### YOUR INSTRUCTIONS
Set down the full listing below word for word; pictures stay out of the copy.

### DATA PROVIDED
*** Begin section ***

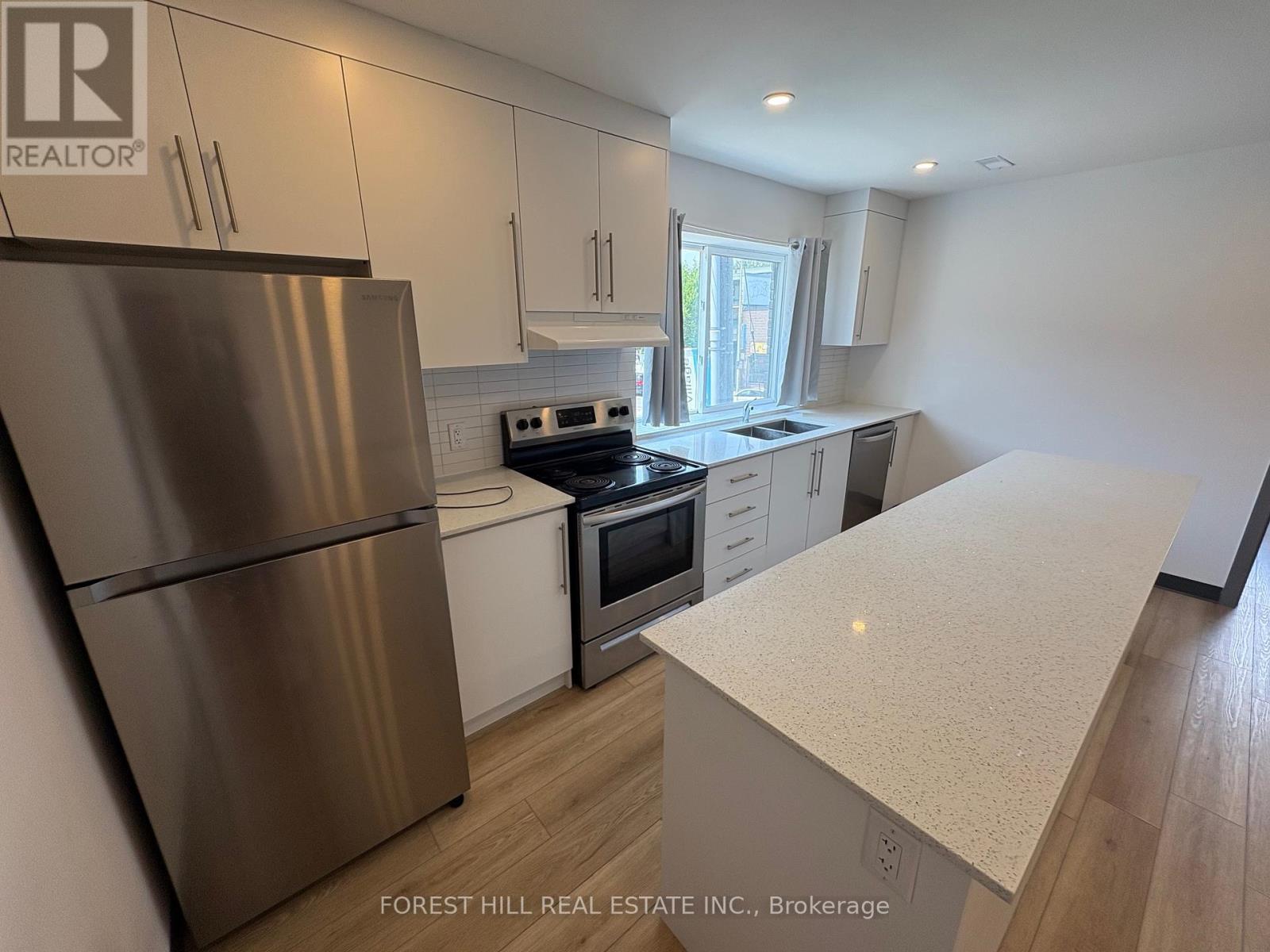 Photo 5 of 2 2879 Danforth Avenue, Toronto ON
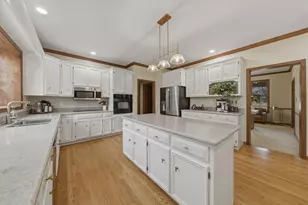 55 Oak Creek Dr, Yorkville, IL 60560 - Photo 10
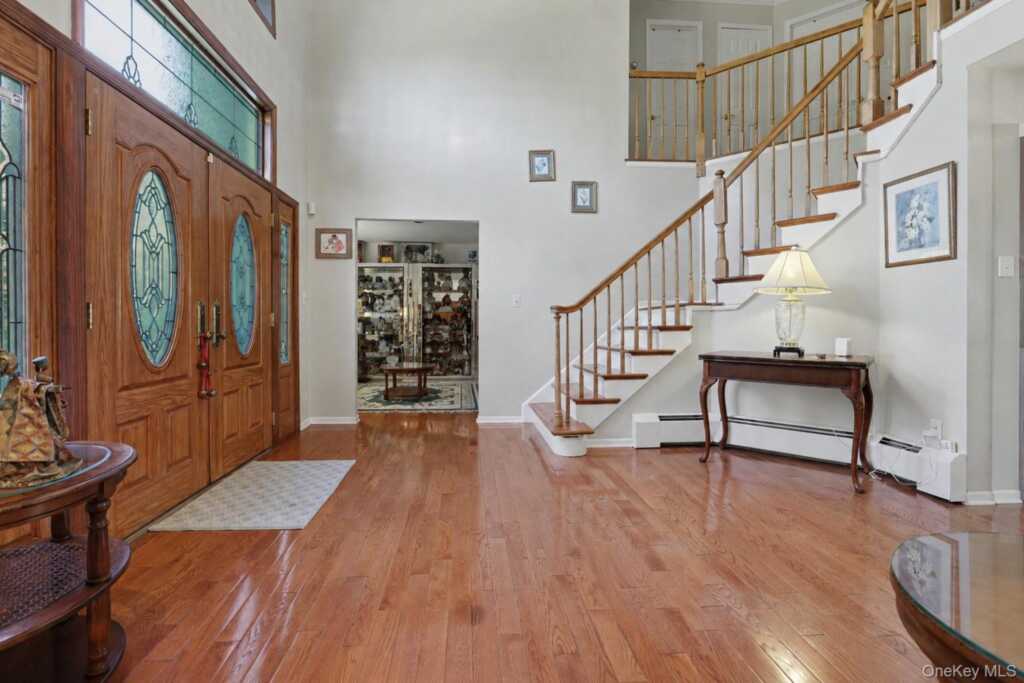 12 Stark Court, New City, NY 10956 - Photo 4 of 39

*** End section ***

### RESULT FOR THIS TASK
 Photo 5 of 2 2879 Danforth Avenue, Toronto ON
 55 Oak Creek Dr, Yorkville, IL 60560 - Photo 10
 12 Stark Court, New City, NY 10956 - Photo 4 of 39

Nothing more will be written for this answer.